Saudi Arabia is undergoing the most dramatic social and economic transformation in its history under Crown Prince Mohammed bin Salman's Vision 2030 program, and the change is reshaping a US-Saudi relationship that has been defined for 80 years by a simple bargain: American security guarantees in exchange for stable oil supplies.
Vision 2030 is real and ambitious. Saudi Arabia has opened cinemas, concerts, and mixed-gender entertainment for the first time. Women are now driving, working, and participating in public life in ways unimaginable a decade ago. Tourism has exploded, reaching 100 million visitors last year. And a $500 billion futuristic city called NEOM is under construction in the northwest desert, intended to become a global technology and innovation hub.

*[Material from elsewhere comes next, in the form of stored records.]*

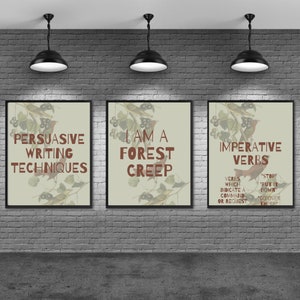 May include: Three framed posters with a nature theme. The first poster says "Persuasive Writing Techniques" with a bird illustration. The second poster says "I am a Forest Creep" with a bird illustration. The third poster says "Imperative Verbs" with a bird illustration and text about verbs that indicate a command or request.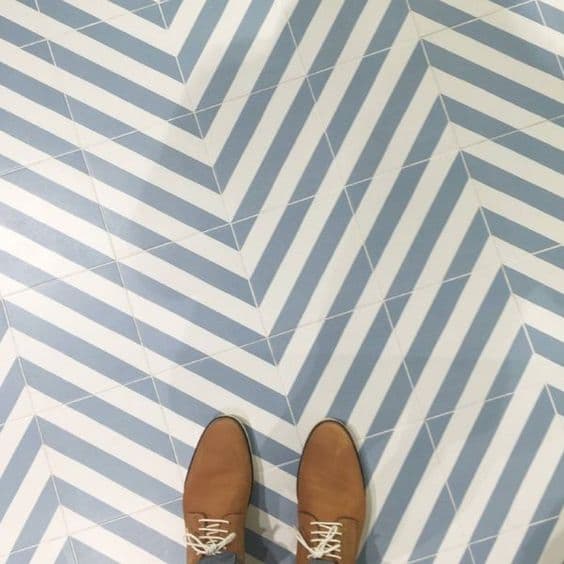 Carreau de ciment bleu clair et blanc motifs géométriques chevrons 20x20 cm sur un sol avec chaussures marron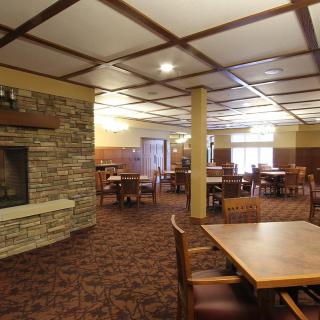 Spacious dining area with wooden furniture and a stone fireplace.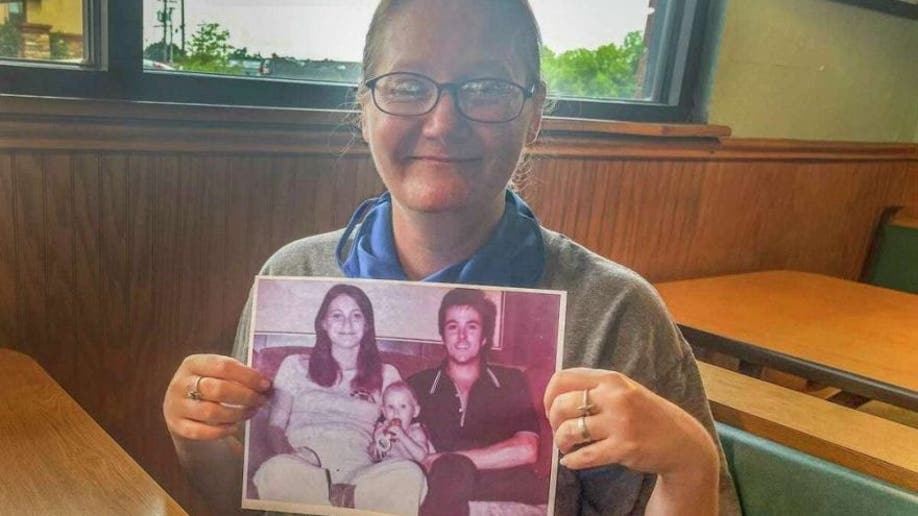 Holly Marie Clouse with photo of parents Dean and Tina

The economic diversification goal is driven by a clear-eyed recognition that oil's dominance will not last forever. Saudi Arabia currently derives 70% of government revenues from oil. Vision 2030 targets reducing that to 30% by decade's end, with tourism, entertainment, mining, manufacturing, and financial services filling the gap.
The US-Saudi relationship is simultaneously more complex than ever. The US is less dependent on Saudi oil than at any point since the 1970s β American shale production has made the US energy independent. Saudi Arabia is diversifying its security relationships, expanding ties with China and Russia. And the Khashoggi assassination created a human rights dimension to the relationship that no administration has fully resolved.